Os repórteres eram Abel Reyna, da Revista Coyuntura, e Roderico Valdez, de um noticiário televisivo local.
"Ao perceber que Rosales Polanco estava sendo fotografado e gravado... ele partiu para cima de Valdez e o segurou pelo pescoço, torcendo-lhe o braço. Posteriormente, ele foi para cima de Reyna, com quem trocou algumas palavras, arrancou-lhe o celular da mão e tentou tocar em seu rosto", denunciou a Associação de Jornalistas da Guatemala em um comunicado.

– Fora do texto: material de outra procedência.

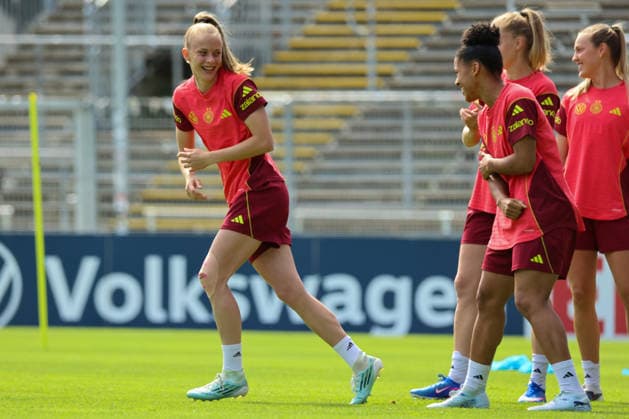 Köln, Deutschland: 03.06. 2026 - Training der DFB Frauen - Vorbereitung Länderspiel Deutschland vs. Norwegen für WM Qualifikation 2027 Im Bild: v.li. Vivien Endemann (Deutschland), Shekiera Martinez (Deutschland) und Marie Müller Mueller (Deutschland) Copyright: HMBxMedia MadeleinexFantini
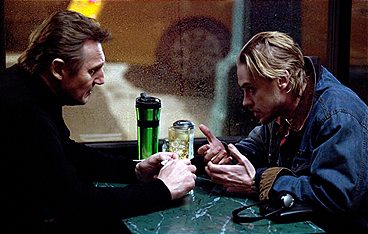 Ruhet in Frieden - A Walk Among The Tombstones
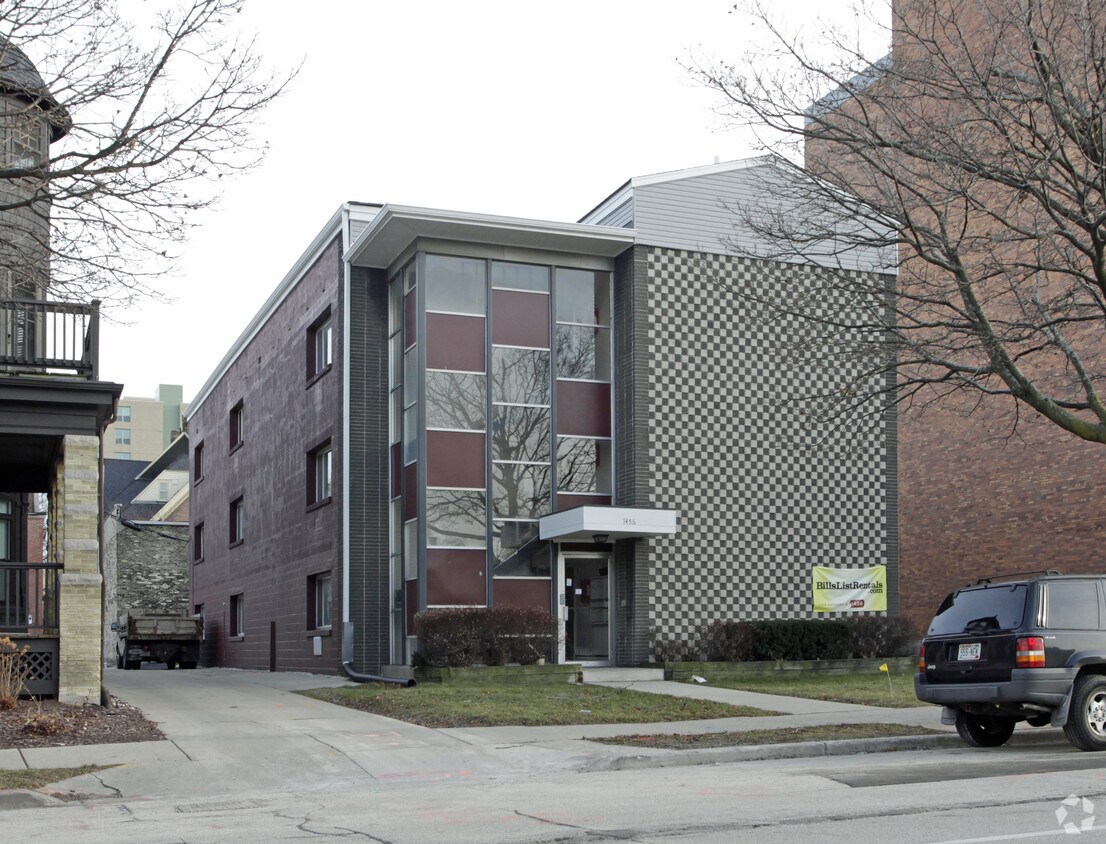 Primary Photo - 1456 N Farwell Ave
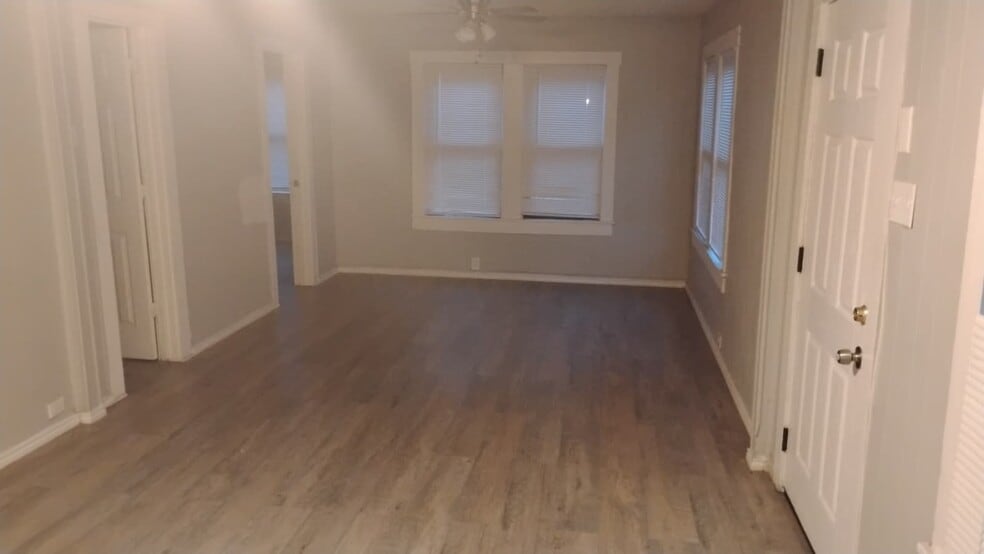 Building Photo - 211 W Huff Ave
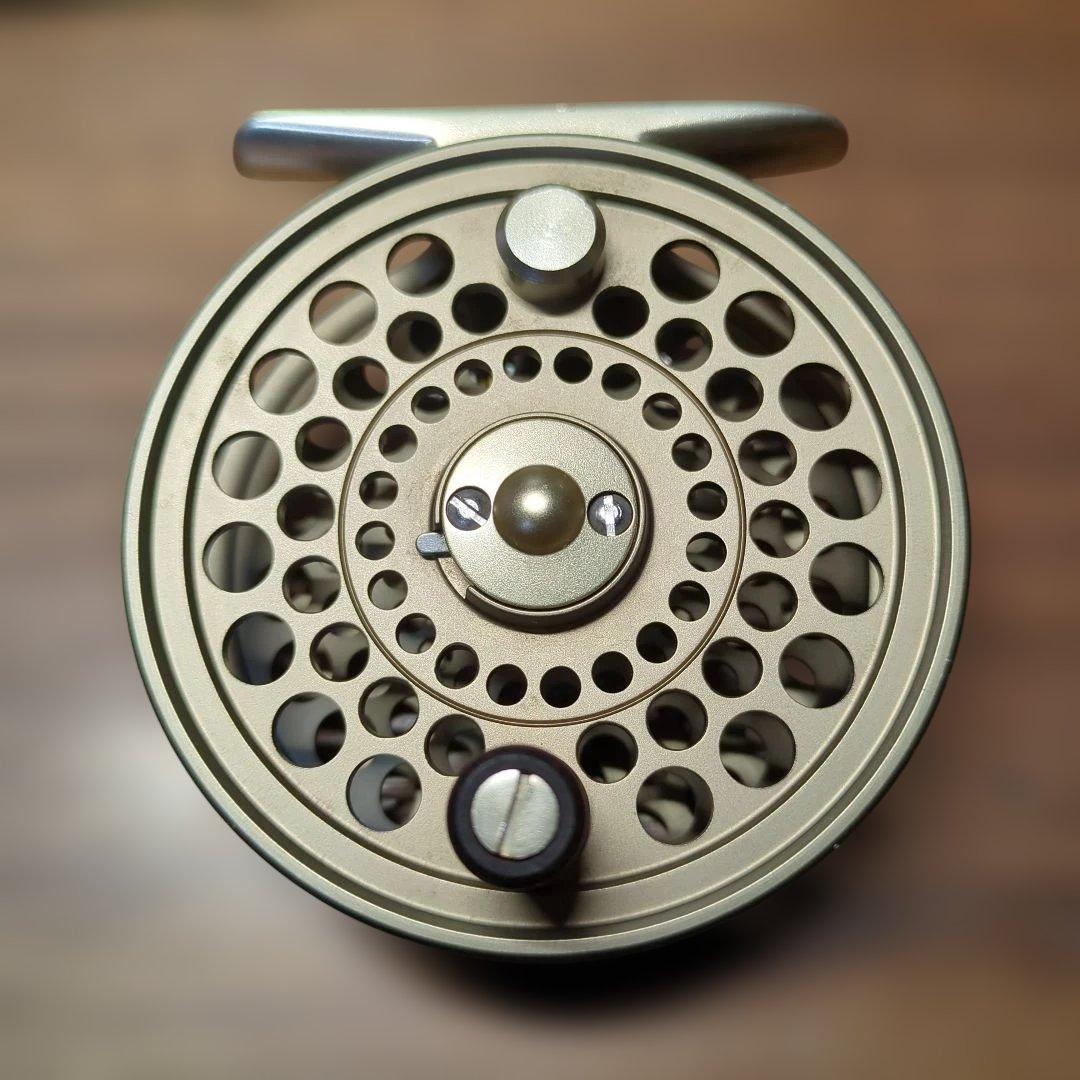 リール ORVIS CFO II DISC REEL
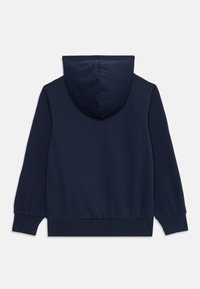 Felpa blu navy con cappuccio, caratterizzata da una texture liscia, maniche lunghe e polsini e fondo a coste. Design semplice e di colore uniforme.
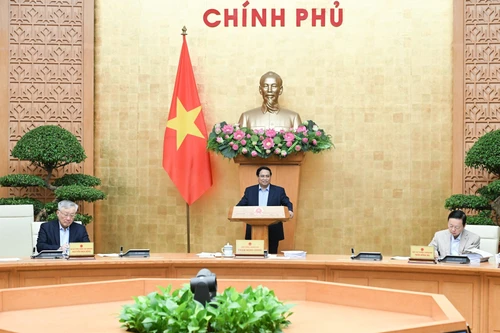 Премьер-министр Фам Минь Тьинь председательствовал на очередном октябрьском заседании Правительства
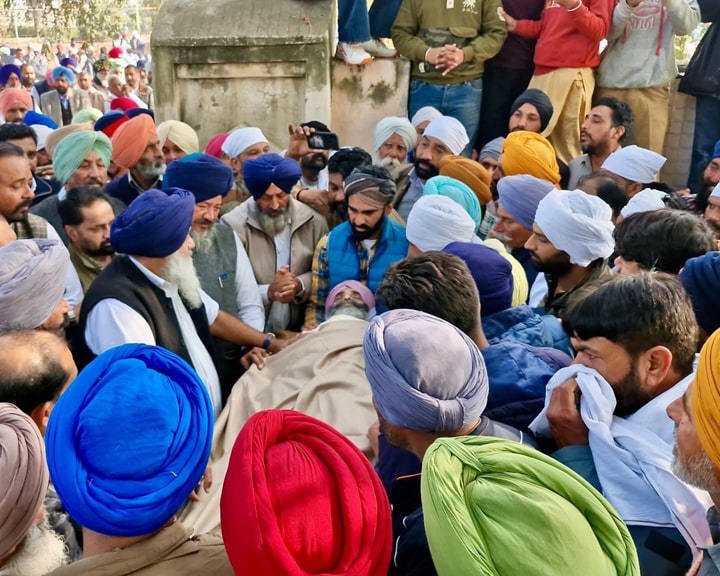 ਜਗਸੀਰ ਸਿੰਘ ਬੱਲੂਆਣਾ ਨੂੰ ਸੈਕੜੇਂ ਸ਼ੇਜਲ ਅੱਖਾਂ ਨਾਲ ਦਿੱਤੀ ਅੰਤਿਮ ਵਿਦਾਈ; ਪ੍ਰਧਾਨ ਸੁਖਬੀਰ ਬਾਦਲ ਵੀ ਪੁੱਜੇ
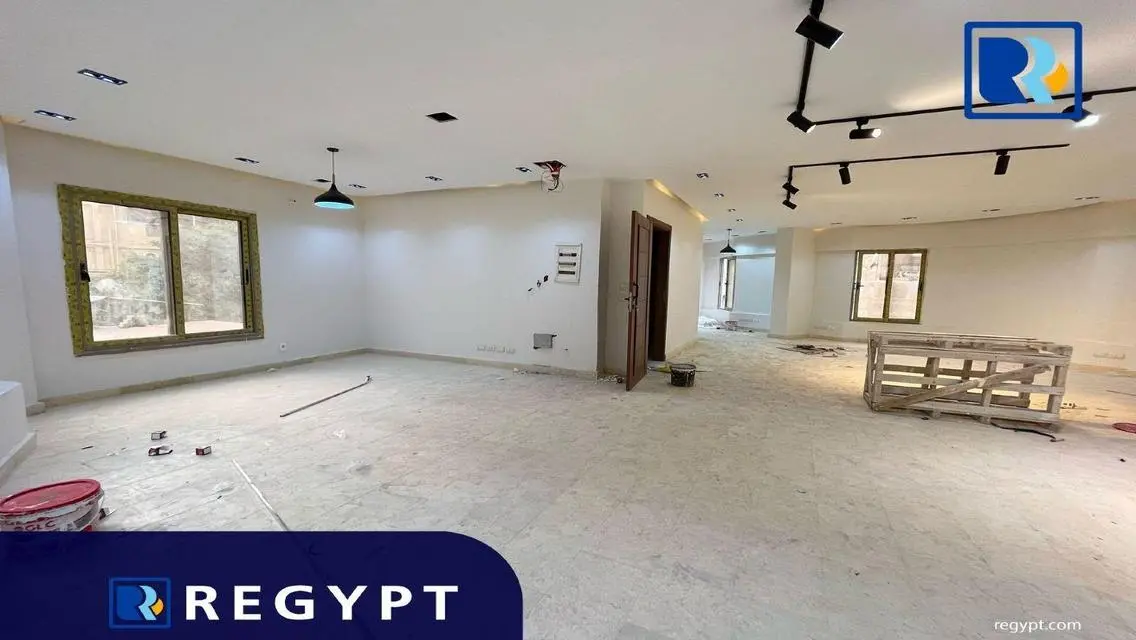 استثمار عقاري متميز - 160 متر مربع في موقع استراتيجي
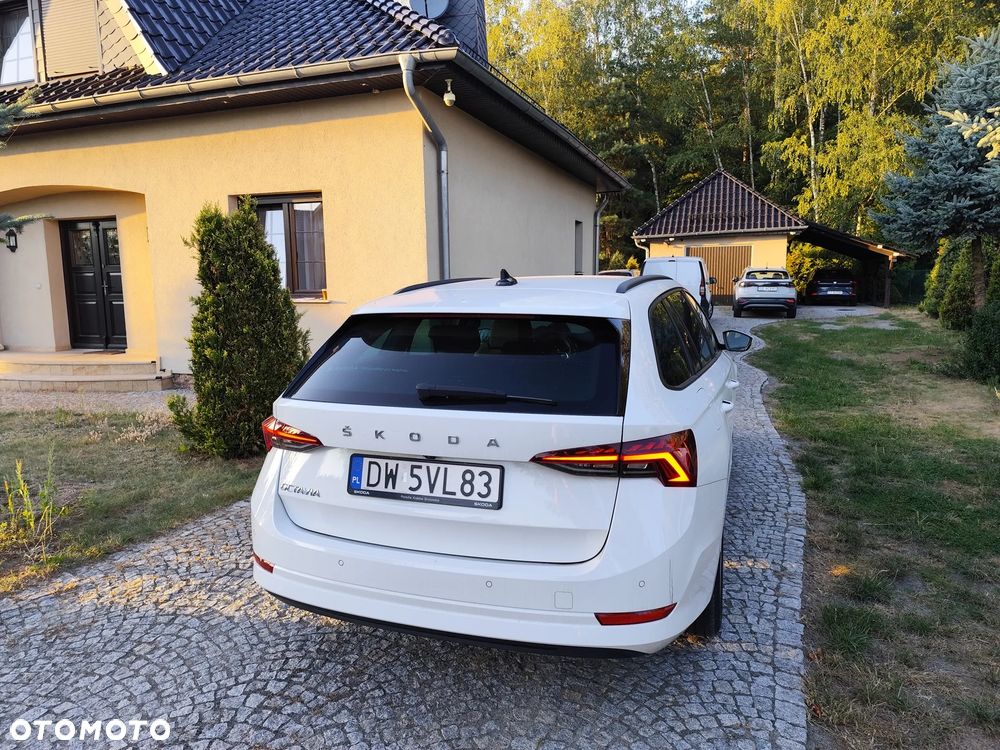 Skoda Octavia 2.0 TDI Ambition - 10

A última parte dessa interação pode ser vista em um vídeo publicado nas redes sociais. Nem a Presidência nem representantes do Poder Legislativo se pronunciaram a respeito, segundo informou o Prensa Libre.
Héctor Coloj, coordenador do Observatório dos Jornalistas, disse à LatAm Journalism Review (LJR) que há sinais de que haverá uma boa relação entre a Presidência de Arévalo e a imprensa, mas eles permanecem alertas porque no "governo anterior, infelizmente muitos padrões de ataque ou restrições começaram no Executivo e rapidamente se espalharam para outras frentes governamentais, tanto a nível estadual quanto em governos locais ou municipais. Esses eventos se tornaram normais", disse Coloj.
O Observatório não apenas registrou violência contra o jornalismo proveniente de atores ligados a posições de poder dentro do Estado, mas também de grupos organizados como sindicatos, autoridades de uma comunidade, grupos políticos ou pessoas particulares que consideram a atividade da imprensa como um risco ou obstáculo para seus interesses.
Neste ano, foram relatados pelo menos cinco casos de jornalistas sendo atacados enquanto cobriam manifestações ou eventos noticiosos, de acordo com dados do observatório. Os jornalistas são atacados e acusados de "dividir o país", "traidores", "vendedores da pátria" e pertencentes a "meios de comunicação de esquerda".
Esses ataques também ocorrem por meio das redes sociais, segundo o observatório. Há também um padrão recorrente de limitação ou agressão a jornalistas durante a cobertura de operações policiais, prisões ou notícias de crime.
Por exemplo, José Cotzajay, cinegrafista do veículo Albavisión, disse que em 21 de março foi impedido de cobrir o assassinato de um jovem devido à recusa de um grupo de moradores. A Cotzajay foi pedido que saísse do local e não pôde fazer nenhuma filmagem. O cinegrafista denunciou o ocorrido por meio de uma transmissão em sua conta no TikTok, que já não está mais disponível.
Cotzajay, que cobre incidentes de violência em nível nacional, disse à LJR que esse não foi um incidente isolado.
"Isso já aconteceu várias vezes tanto por parte de grupos de pessoas dos locais [vizinhos da área], quanto por parte de grupos criminosos ou da Polícia Nacional Civil", afirmou.
No entanto, em coberturas envolvendo o executivo, ele acredita que há uma grande diferença neste governo em comparação com o anterior.
Os jornalistas e meios de comunicação da Guatemala lutam para reduzir a constante criminalização e punição a que estão sujeitos há anos. Muitos, inclusive, trabalham a partir do exílio em prol da liberdade de imprensa no país.
O Observatório instou o presidente Arévalo, em comemoração aos seus 100 dias no poder, a "evitar qualquer narrativa contra o trabalho profissional e fiscalizador dos meios de comunicação e jornalistas", disse a equipe do Observatório em comunicado à imprensa.
"Também é importante que, se algum funcionário governamental, de qualquer nível, se envolver em pressões ou atos que ameacem a segurança e o trabalho dos comunicadores, eles emitam as sanções correspondentes para evitar que esses atos se repitam".